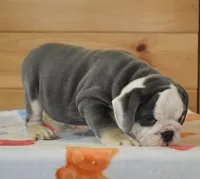 processed/28f3fc20-e8f6-4bd3-ab34-3724b1a5bec2/listing/640bcb4c-07eb-4419-b34a-de00b17b2806/ed4c9acf-5927-4161-9f8e-dc8b7bcbb2d7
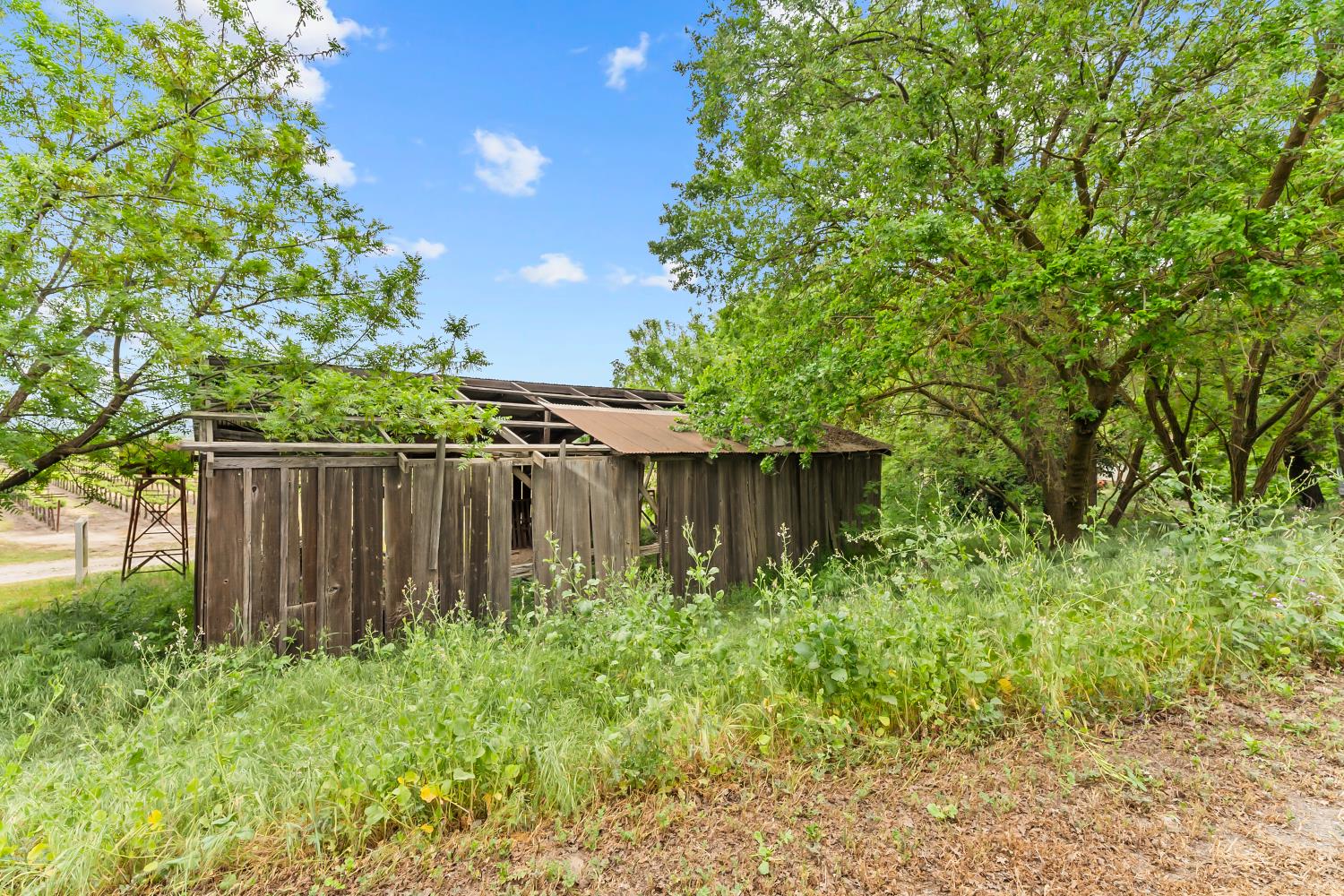 53020 South River Road Clarksburg, CA 95612 - Photo 12 of 42 a view of backyard with plants and wooden fence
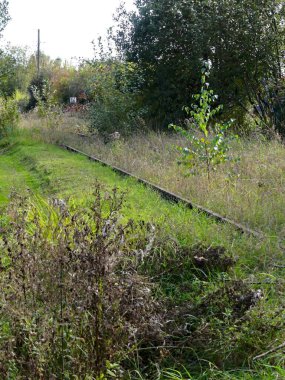 Tren yolu, demiryolu çevresi ve terk edilmiş eski köprü doğaya geri döndü.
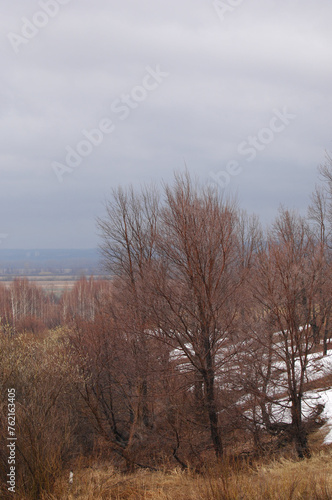 The yellow fields contrast with the remaining patches of white snow. The trees stand bare against a cold background. The landscape transitions from winter to spring, showing signs of new life emerging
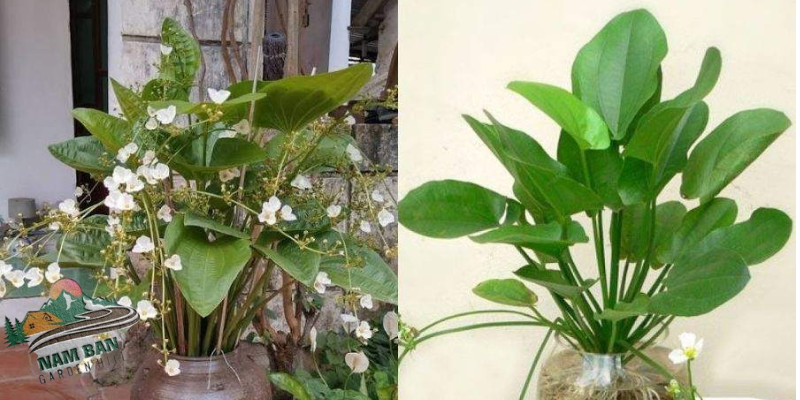 Bách thủy tiên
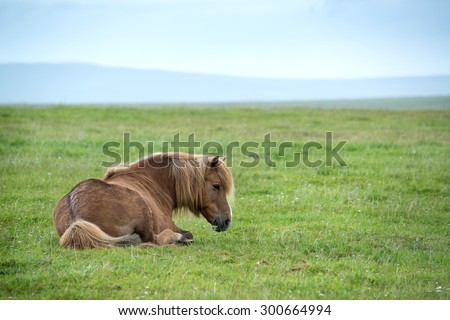 Icelandic horse in a very windy day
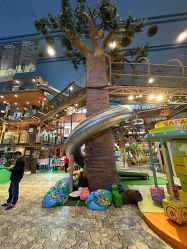 -卡通尼·Safari非洲探索乐园·生日会(金桥国际商业广场店)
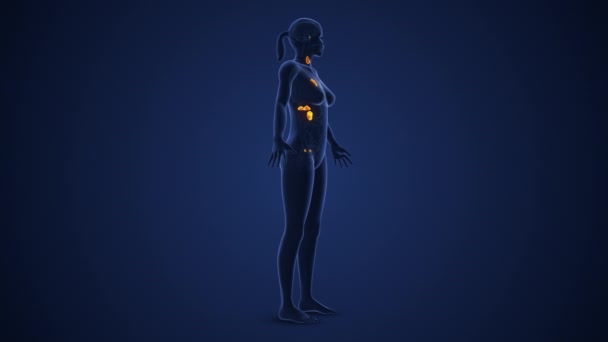 Kvinnligt Endokrint System Eller Muskarinacetylkolinreceptor Medicinsk Animation — Stockvideo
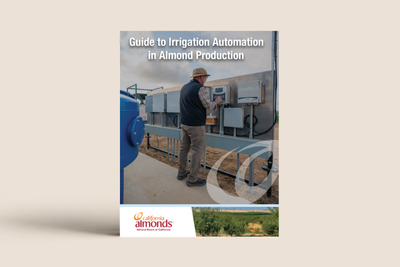 Guide to Irrigation Automation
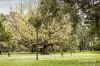 404/505 St Kilda Road, Melbourne, Vic 3004-Image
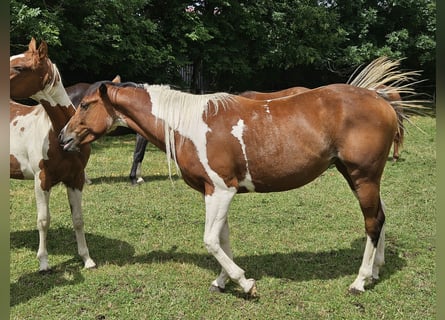 Paint Horse, Klacz, 2 lat, 150 cm, Srokata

--- DIRECTIONS FOR THIS TASK ---
Could you reproduce the records above exactly, leaving out every picture?

--- SOLUTION ---
 processed/28f3fc20-e8f6-4bd3-ab34-3724b1a5bec2/listing/640bcb4c-07eb-4419-b34a-de00b17b2806/ed4c9acf-5927-4161-9f8e-dc8b7bcbb2d7
 53020 South River Road Clarksburg, CA 95612 - Photo 12 of 42 a view of backyard with plants and wooden fence
 Tren yolu, demiryolu çevresi ve terk edilmiş eski köprü doğaya geri döndü.
 The yellow fields contrast with the remaining patches of white snow. The trees stand bare against a cold background. The landscape transitions from winter to spring, showing signs of new life emerging
 Bách thủy tiên
 Icelandic horse in a very windy day
 -卡通尼·Safari非洲探索乐园·生日会(金桥国际商业广场店)
 Kvinnligt Endokrint System Eller Muskarinacetylkolinreceptor Medicinsk Animation — Stockvideo
 Guide to Irrigation Automation
 404/505 St Kilda Road, Melbourne, Vic 3004-Image
 Paint Horse, Klacz, 2 lat, 150 cm, Srokata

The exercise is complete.